License Documentation Status PyPI - Version Docker Image Version (tag latest semver)

DISCERN

DISCERN is a deep learning approach to reconstruction expression of single-cell RNAseq data sets using a high-quality reference. Please also look at our manuscript DISCERN: deep single-cell expression reconstruction for improved cell clustering and cell subtype and state detection.

Getting Started

These instructions will get you a copy of the project up and running on your local machine for development and testing purposes. The full documentation contains further information and tutorials to get started.

Prerequisites

We use poetry for dependency management.

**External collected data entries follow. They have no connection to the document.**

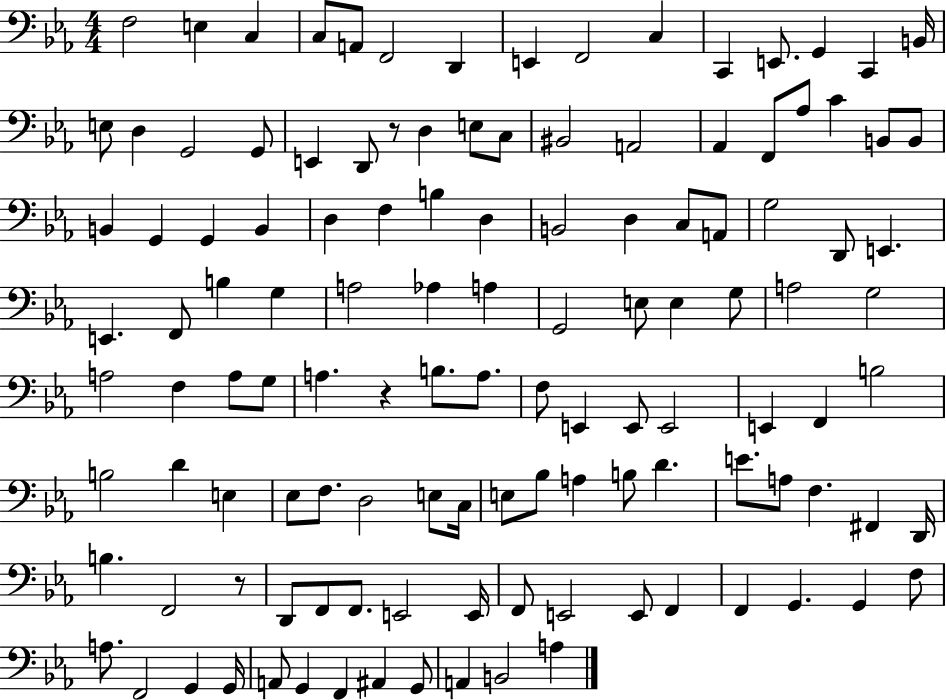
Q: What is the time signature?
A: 4/4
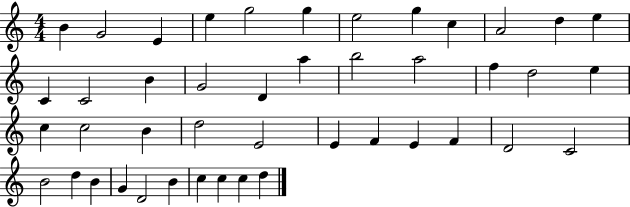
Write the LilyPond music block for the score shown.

{
  \clef treble
  \numericTimeSignature
  \time 4/4
  \key c \major
  b'4 g'2 e'4 | e''4 g''2 g''4 | e''2 g''4 c''4 | a'2 d''4 e''4 | \break c'4 c'2 b'4 | g'2 d'4 a''4 | b''2 a''2 | f''4 d''2 e''4 | \break c''4 c''2 b'4 | d''2 e'2 | e'4 f'4 e'4 f'4 | d'2 c'2 | \break b'2 d''4 b'4 | g'4 d'2 b'4 | c''4 c''4 c''4 d''4 | \bar "|."
}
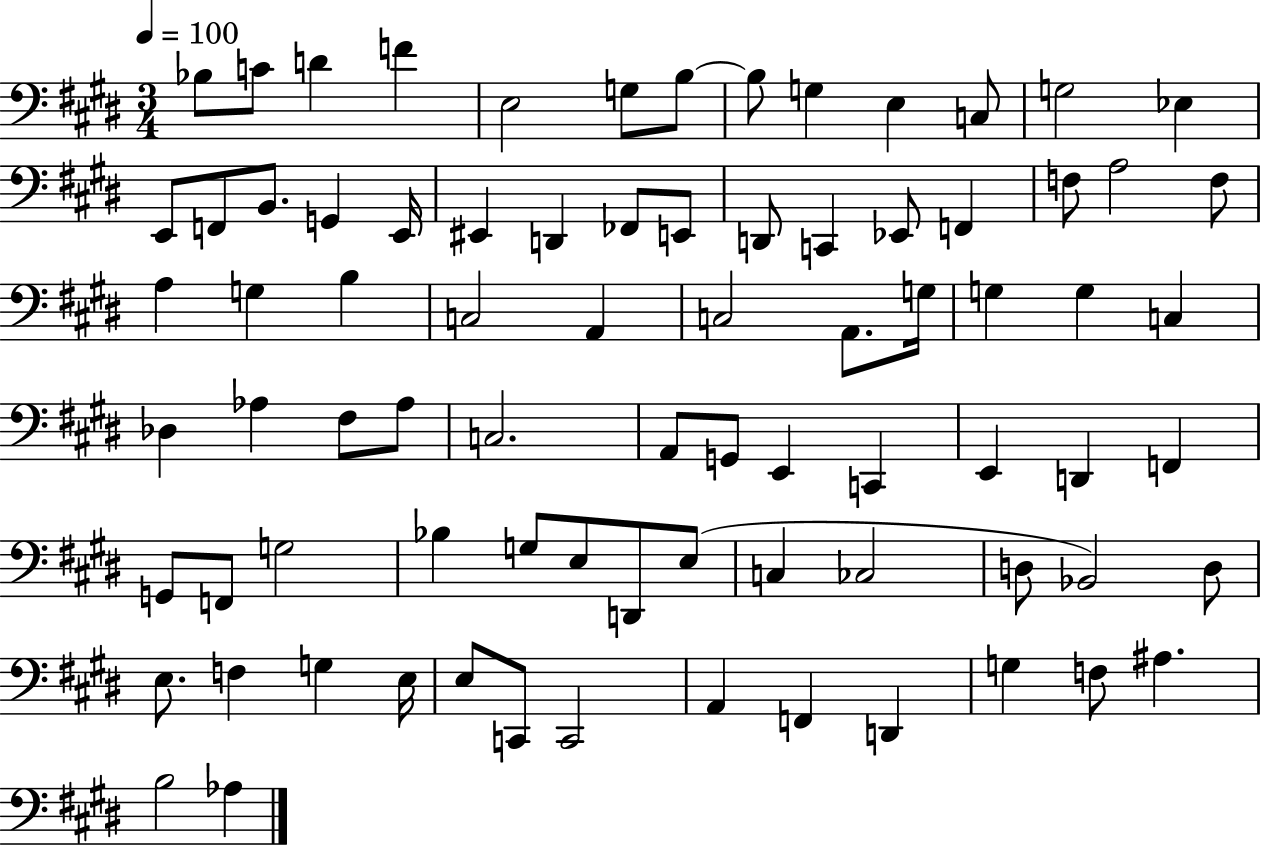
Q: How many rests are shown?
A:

You can get poetry by

pip install poetry

or (the officially recommended way)

curl -sSL https://raw.githubusercontent.com/python-poetry/poetry/master/get-poetry.py | python

Installing

To get discern you can clone the repository by

git clone https://github.com/imsb-uke/discern.git

poetry can be used to install all further dependencies in a virtual environment.

cd discern
poetry install --no-dev

To finally run discern you can also directly use poetry with

poetry run commands

or spawn a new shell in the virtual environment

poetry shell

For all further examples, the first approach is used.

Using discern

You can use the main function of discern for most use cases. Usually, you have to preprocess your data by:

poetry run discern process <parameters.json>

An example parameters.json is provided together with an hyperparameter_search.json for hyperparameter optimization using ray[tune]. The training can be done with

poetry run discern train <parameters.json>

Hyperparameter optimization needs a ray server with can be started with

poetry run ray start --head --port 57780 --redis-password='password'

and can be started with

poetry run discern optimize <parameters.json>

For projection 2 different modes are available: Eval mode, which is a more general approach and can save a lot of files:

poetry run discern project --all_batches <parameters.json>

Or projection mode which offers a more fine grained controll to which is projected.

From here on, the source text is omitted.